| Exercise instructions |
An exact copy is needed of the lines in the entries below from the line with "Fresh Tropical Leaf" up to and including the line with "高清大图下载【趣麦麦图】水彩海景花卉风景画", and of nothing else. Leave the pictures out.

| Entries shown |
===

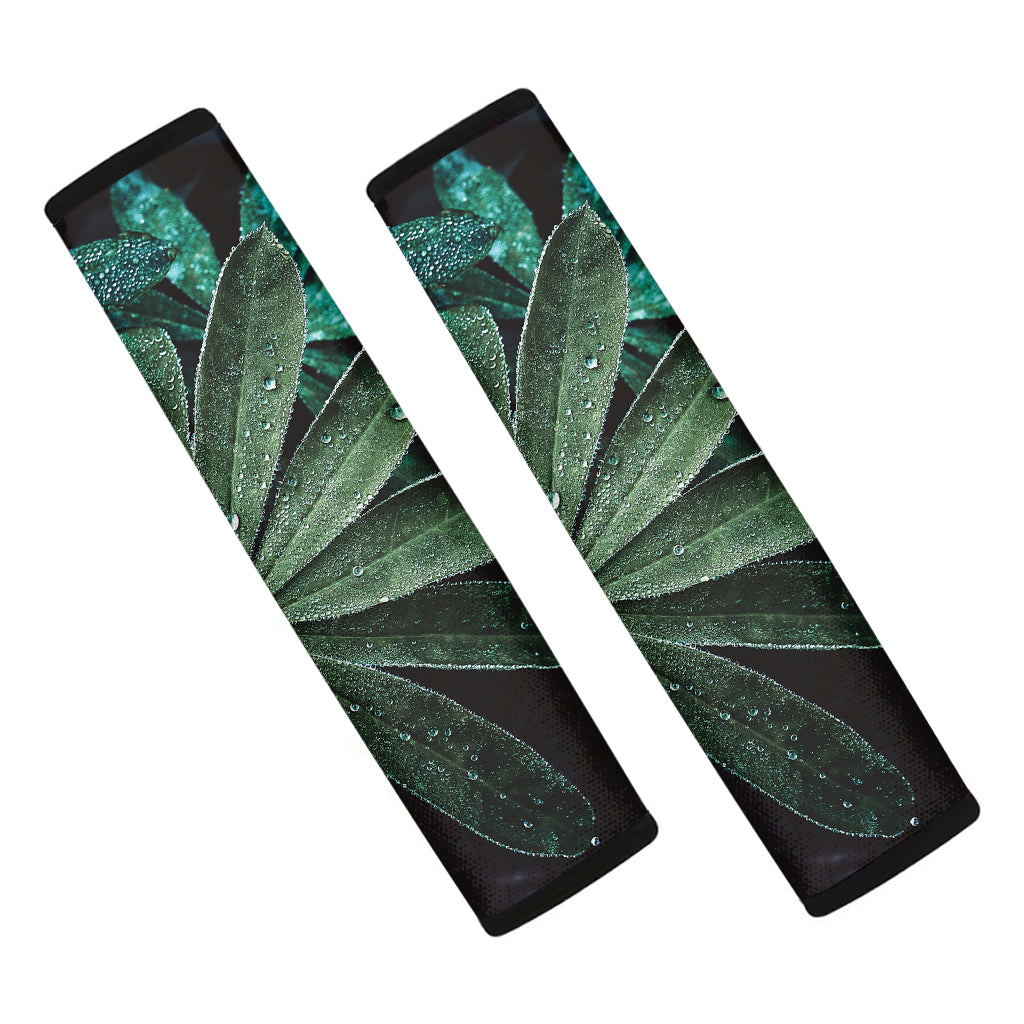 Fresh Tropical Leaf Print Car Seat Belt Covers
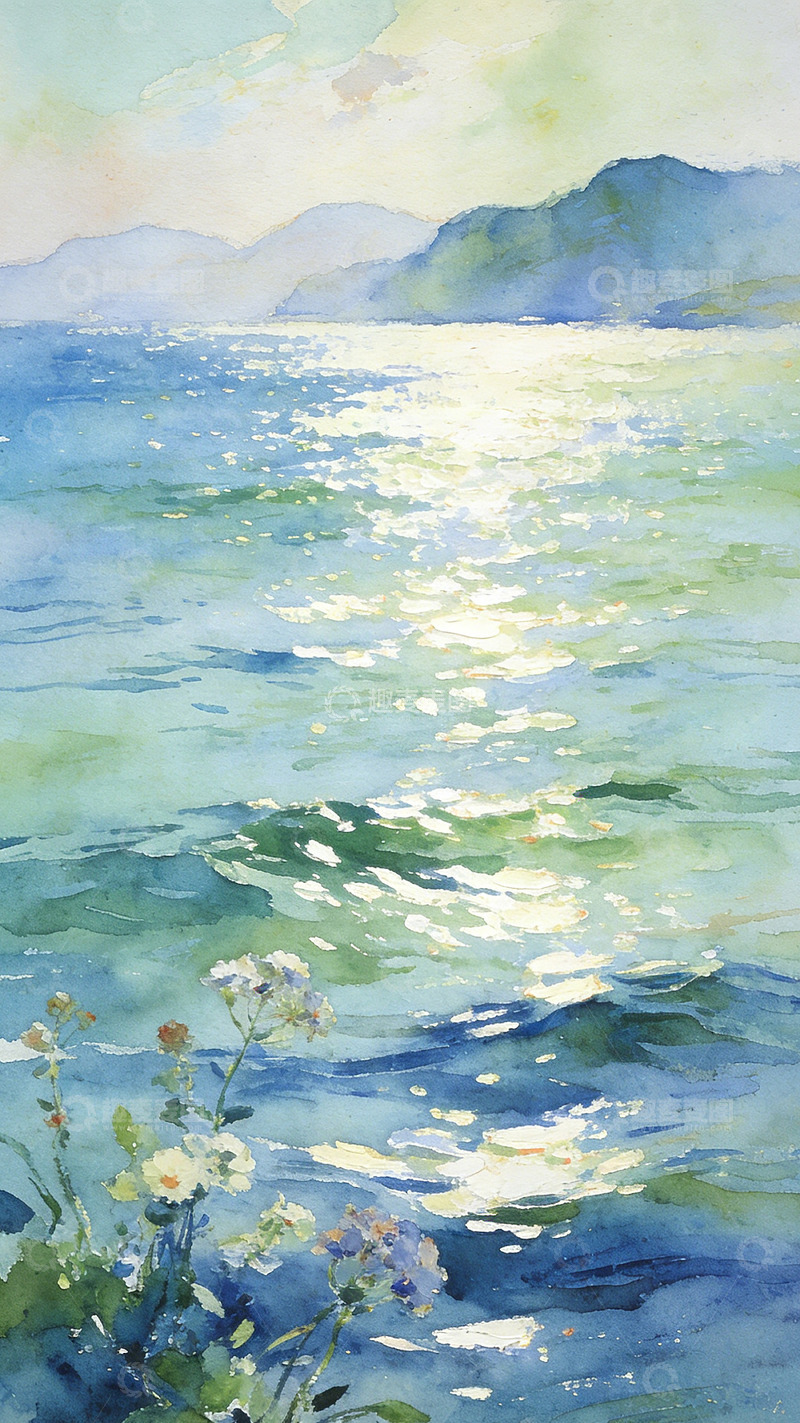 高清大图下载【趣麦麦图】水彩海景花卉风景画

===

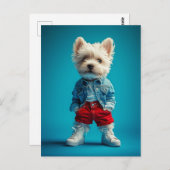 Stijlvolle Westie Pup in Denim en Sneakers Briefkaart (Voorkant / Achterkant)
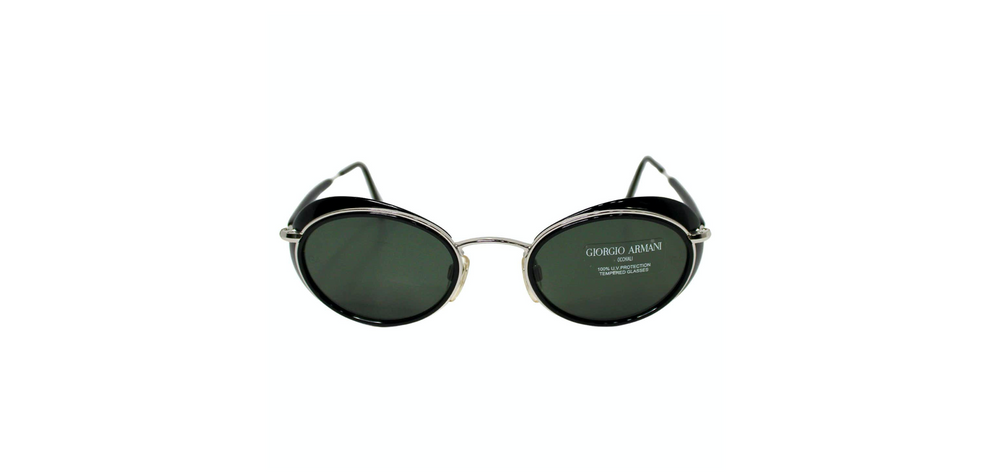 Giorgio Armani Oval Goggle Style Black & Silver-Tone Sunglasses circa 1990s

===

| Exercise result |
 Fresh Tropical Leaf Print Car Seat Belt Covers
 高清大图下载【趣麦麦图】水彩海景花卉风景画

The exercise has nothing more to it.